(Requirement):
Your reply should reproduce each line below exactly and carry none of the pictures.

(Input data):
┄┄┄┄┄┄┄┄┄┄

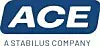 ACE Stoßdämpfer GmbH Firmenlogo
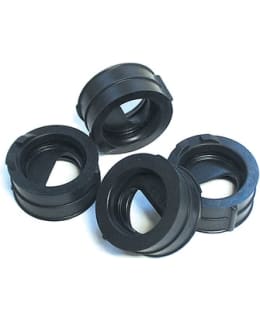 TOURMAX 37-2485-37 IMUSARJA 37KW 4 KPL. Main Image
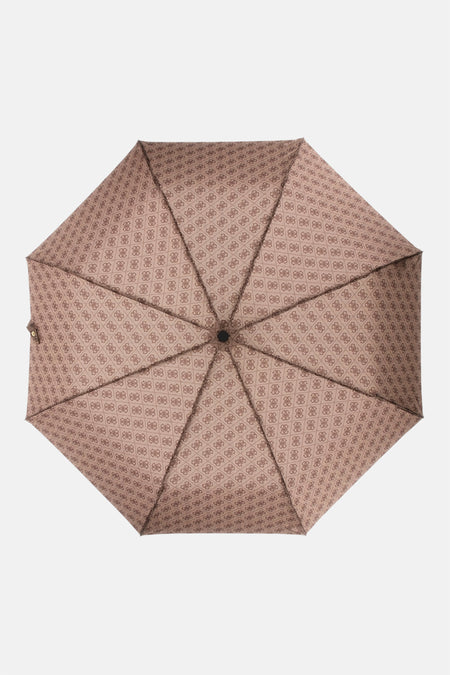 Parapluie - taupe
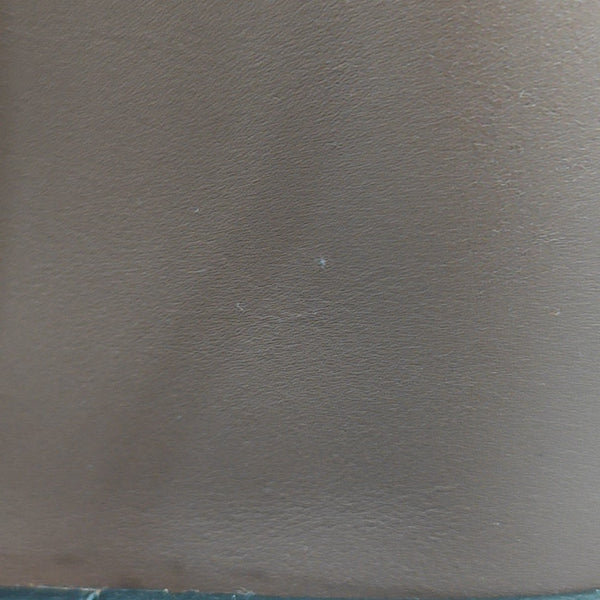 Balloon Small Calfskin Brown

┄┄┄┄┄┄┄┄┄┄

(The answer):
 ACE Stoßdämpfer GmbH Firmenlogo
 TOURMAX 37-2485-37 IMUSARJA 37KW 4 KPL. Main Image
 Parapluie - taupe
 Balloon Small Calfskin Brown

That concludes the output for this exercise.